Orangutans instinctively know how to use hammers to crack nuts and do not need to be taught, study reveals
- Scientists have learned orangutans can use tools to crack nuts
- Some of the orangutans did not observe the behavior from others, surprising researchers
- Four orangutans at Leipzig Zoo and eight at Zurich Zoo were given nuts and hammers
- Of the 12, four used the wooden hammers to spontaneously crack the nuts, despite having no experience at all
- Only chimpanzees, capuchins and macaques were previously known to be able to crack nuts with tools
Sometimes you feel like a nut, sometimes you crack them open using only instinct.
Scientists at Germany’s University of Tübingen have learned that orangutans living in zoos can use tools to crack nuts, becoming one of just a few species of primates with the capability of doing so.
Additionally, some of the orangutans did not observe the behavior from others, a fact that surprised the researchers.
Four orangutans at Leipzig Zoo in Germany were given nuts and hammers, as were eight orangutans at Zurich Zoo.
Scientists have learned orangutans living in zoos can use tools to crack nuts. Some of the orangutans did not observe the behavior from others, surprising researchers
Four orangutans at Leipzig Zoo and eight at Zurich Zoo in Germany were given nuts and hammers
Of the 12 orangutans tested, four (one in Leipzig and three in Zurich) used the wooden hammers to spontaneously crack the nuts, despite having no experience at all.

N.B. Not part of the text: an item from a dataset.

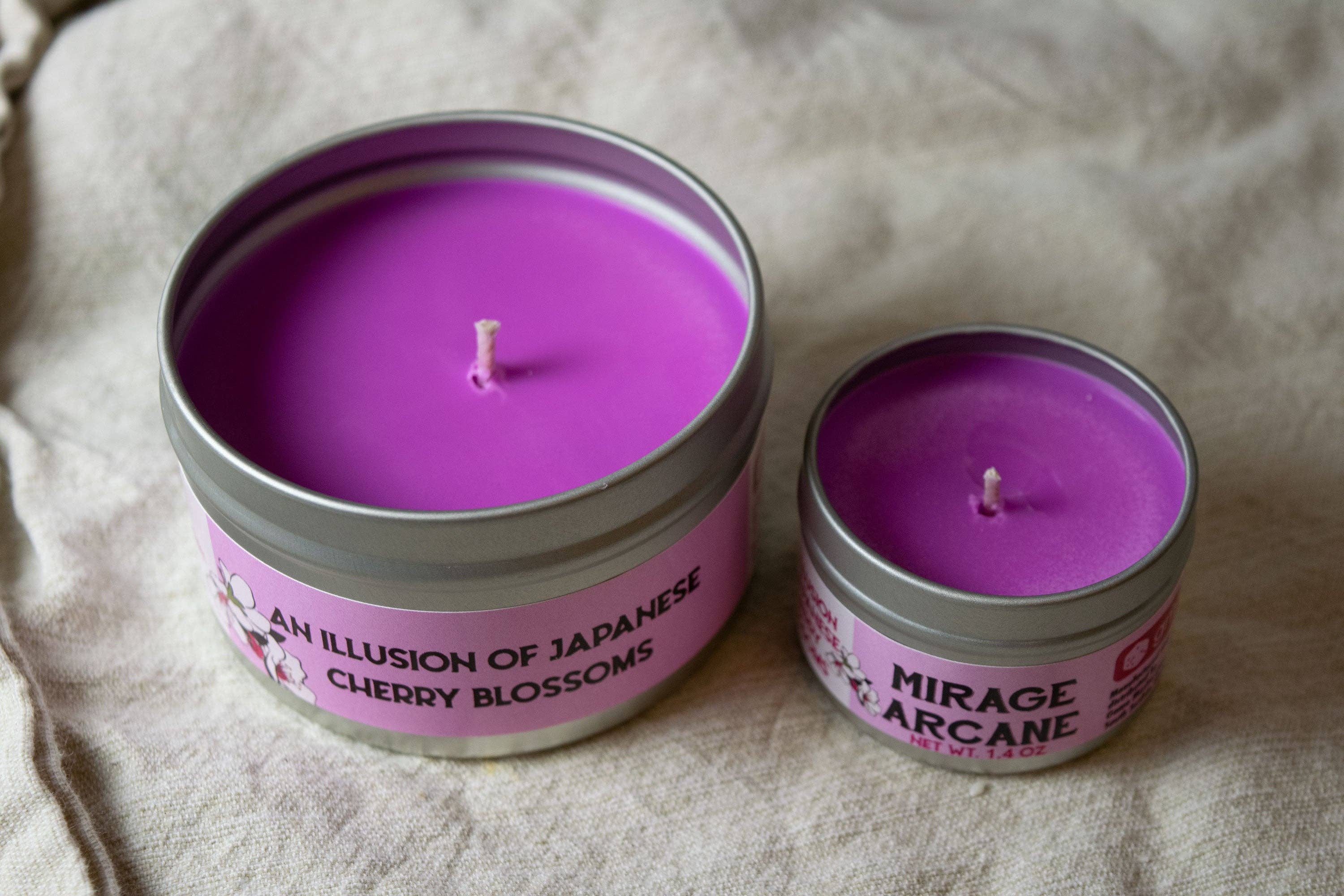 Game Master Dice - Mirage Arcane Gaming Candle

‘The orangutans can even develop this complex behavior purely through individual learning,’ said the study’s lead author, Elisa Bandini, in a translated statement.

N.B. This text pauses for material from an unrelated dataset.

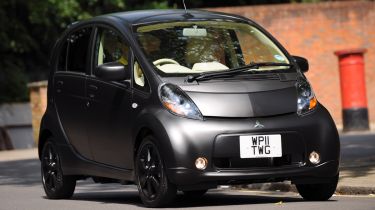 Mitsubishi i-MiEV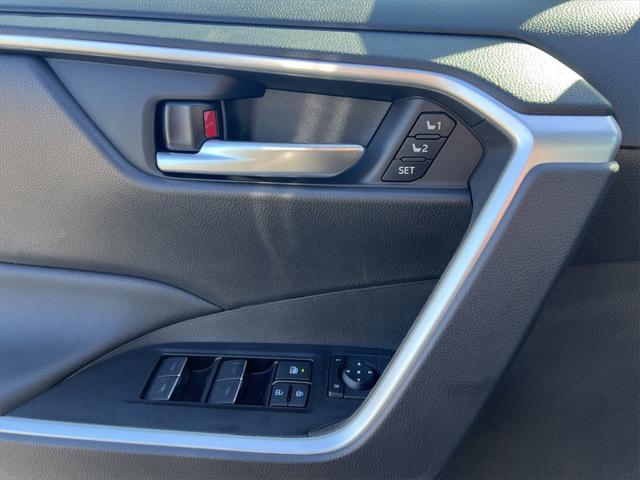 new 2025 Toyota RAV4 car, priced at $38,748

One orangutan tried to use an anvil (a tree root or stone) as a hammer, but when the anvil was fixed to the ground, the orangutan used the wooden hammer to get the nuts cracked.
The other three orangutans, all older, used their hands or teeth to help crack the nuts.

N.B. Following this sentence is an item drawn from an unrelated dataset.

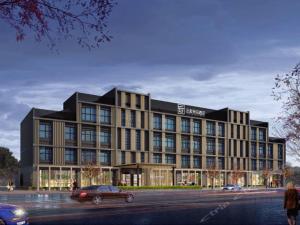 yunhe yebo hotel pudong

‘For those three larger animals, biting the nuts got them what they wanted,’ said study co-author, Claudio Tennie, in the statement.
‘After chimpanzees, the orangutans are the great apes with the second largest repertoire of known tool use. So far, however, wild animals have not been observed cracking nuts,’ Tennie added in the statement.
Just a few species of mammals have been known to crack nuts in the wild – chimpanzees (which can also use tools without observing others), capuchins and macaques – long considered one of the complex behaviors of tool usage.
Of the 12, four used the wooden hammers to spontaneously crack the nuts, despite having no experience at all
Some researchers thought that this behavior required the ability to be learned, but that however, is not the case, Baldini explained.
‘Up to now, science had assumed the opposite assumption and had even expected that the skill would become extinct in great apes if it could not be passed on culturally.’
The study was published earlier this week in the American Journal of Primatology.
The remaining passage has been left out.